Executing the Job to aggregate and sort data

After setting up the Job and configuring the components used in the
Job for aggregating and sorting data, you can then execute the Job and verify the Job
execution result.

  1. Press Ctrl + S to save the Job.
  2. Press F6 to execute the Job.

    tAggregateRow_8.png

As shown above, the students’ comprehensive scores are
aggregated and then sorted in ascending alphabetical order based on the student
names.

Aggregating values based on dynamic schema

Here is an example of using the tAggregateRow component to aggregate some task assignment data in a CSV file
based on a dynamic schema column.

This scenario applies only to subscription-based Talend products.

Creating a Job for aggregating values based on dynamic schema

Create a Job to aggregate some task assignment data in a CSV file
based on a dynamic schema column using the tAggregateRow component, then display the aggregated data on the console and
write it into an output CSV file.

tAggregateRow_9.png

  1. Create a new Job and add a tFileInputDelimited component, a tAggregateRow component, a tLogRow
    component, and a tFileOutputDelimited component by
    typing their names in the design workspace or dropping them from the Palette.
  2. Link the tFileInputDelimited component
    to the tAggregateRow component using a Row > Main
    connection.
  3. Do the same to link the tAggregateRow
    component to the tLogRow component, and the
    tLogRow component to the tFileOutputDelimited component.

Configuring the Job for aggregating values based on dynamic schema

Configure the Job to aggregate some task assignment data in a CSV
file based on a dynamic schema column using the tAggregateRow component.

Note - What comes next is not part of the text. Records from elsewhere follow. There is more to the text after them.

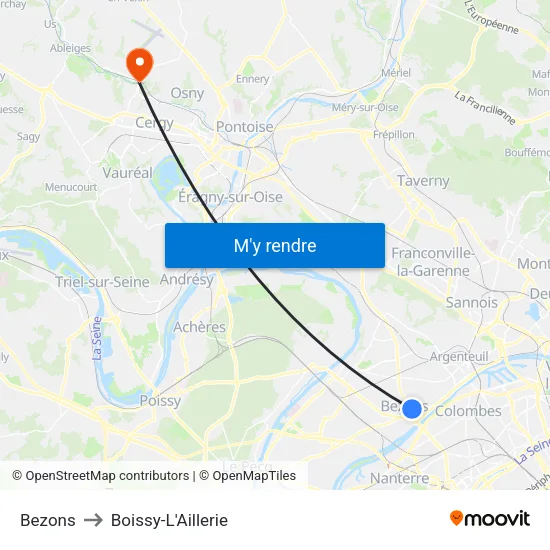 Bezons to Boissy-L'Aillerie map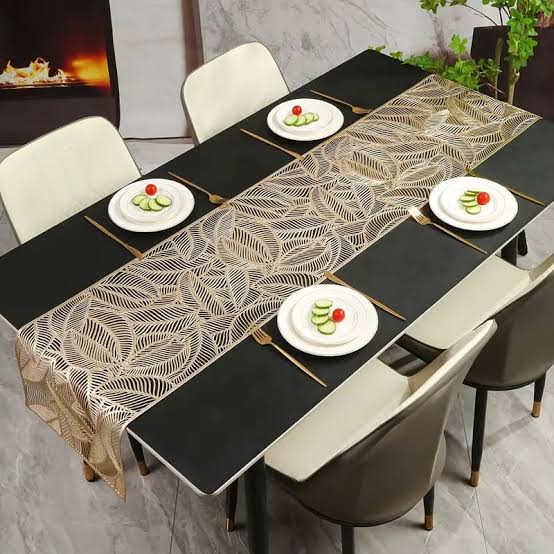 Golden Plastic Table Runner 72 Inches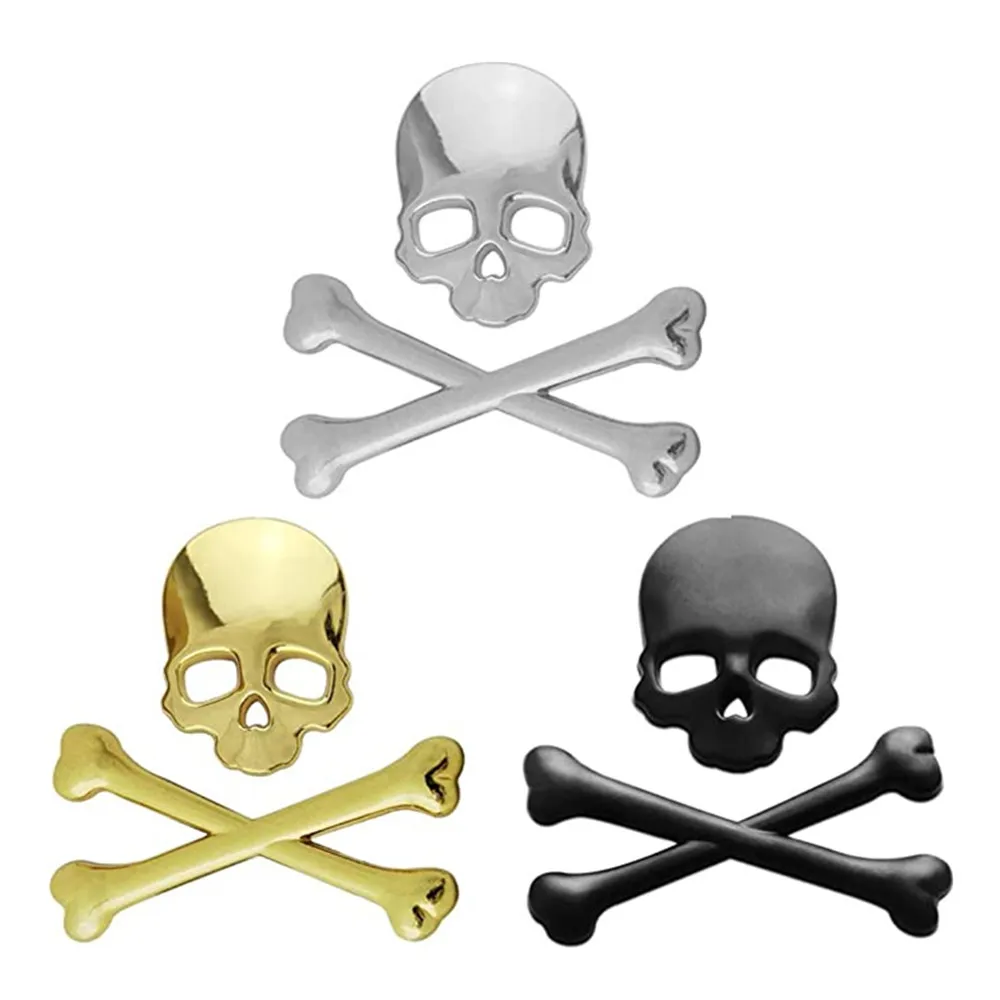 Автомобильный Мотоцикл 3D металлический череп эмблема наклейка логотип КРЫЛО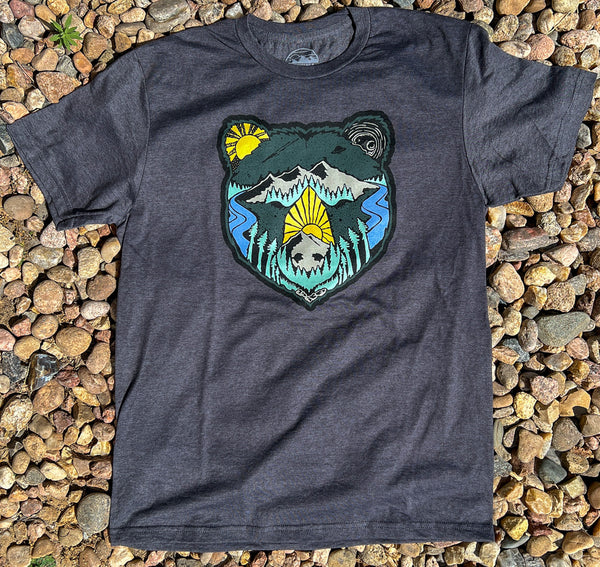 BearFace T-Shirt - Heather Graphite — Atomicchild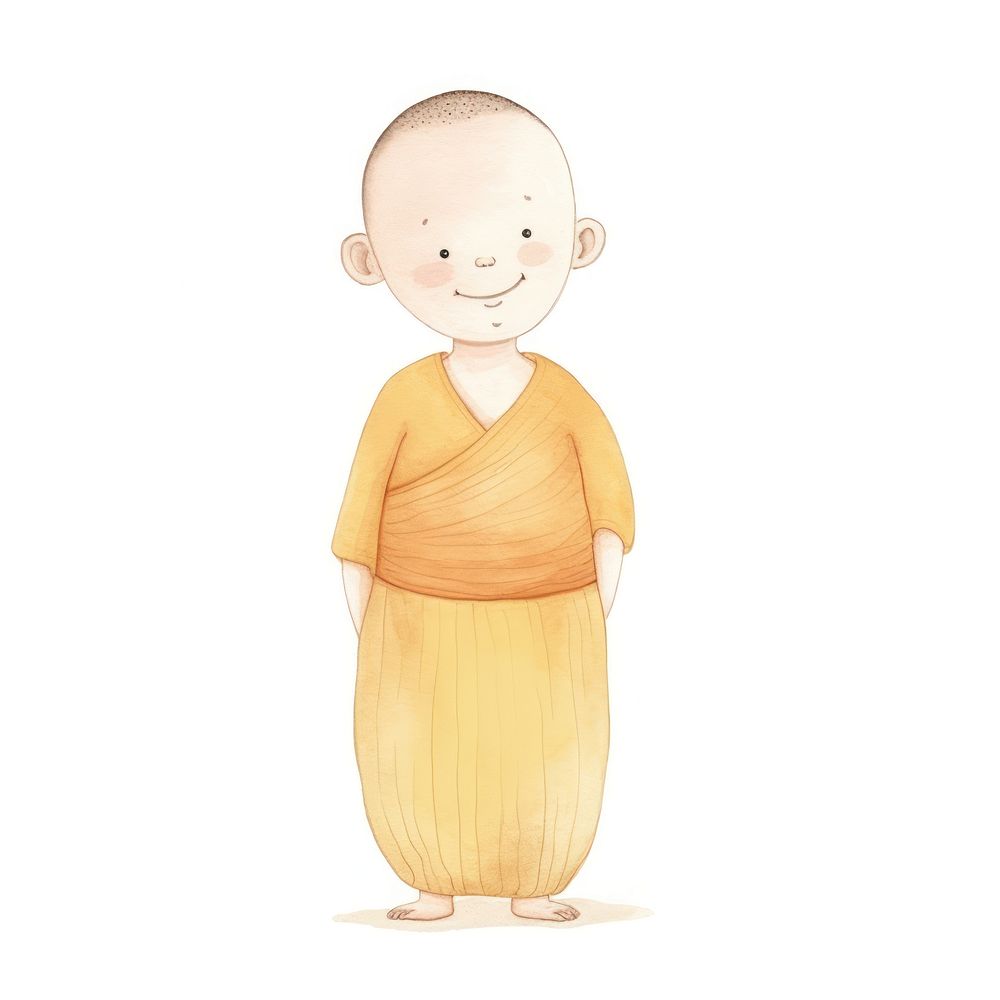 Thai boy monk adult white background happiness. AI generated Image by rawpixel.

Then this Job displays the aggregated data on the console
using the tLogRow component and writes it into an
output CSV file using the tFileOutputDelimited
component.

  1. Double-click the tFileInputDelimited
    component to open its Basic settings view.
  2. In the File name/Stream field, specify
    the path to the CSV file that holds the following task assignment data, D:/tasks.csv in this example.

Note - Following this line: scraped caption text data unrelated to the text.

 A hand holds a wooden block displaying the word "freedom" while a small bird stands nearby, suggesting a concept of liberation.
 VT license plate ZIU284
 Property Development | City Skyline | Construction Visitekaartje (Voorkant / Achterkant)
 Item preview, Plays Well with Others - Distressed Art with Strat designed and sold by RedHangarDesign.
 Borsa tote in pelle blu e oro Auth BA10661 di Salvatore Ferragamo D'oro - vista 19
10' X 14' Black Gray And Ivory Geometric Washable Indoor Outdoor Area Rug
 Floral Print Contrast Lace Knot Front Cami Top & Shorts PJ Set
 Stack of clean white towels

  3. In the Header field, enter the number
    of rows to be skipped in the beginning of the file, 1 in this example.

    Note that the dynamic schema feature is only supported in the Built-In mode and requires the input file to have a
    header row.
  4. Click the

    tAggregateRow_2.png

    button next to Edit schema to
    open the schema dialog box and define the schema by adding two columns, task of String type and other of Dynamic type. When done, click OK to save the changes and close the schema dialog box.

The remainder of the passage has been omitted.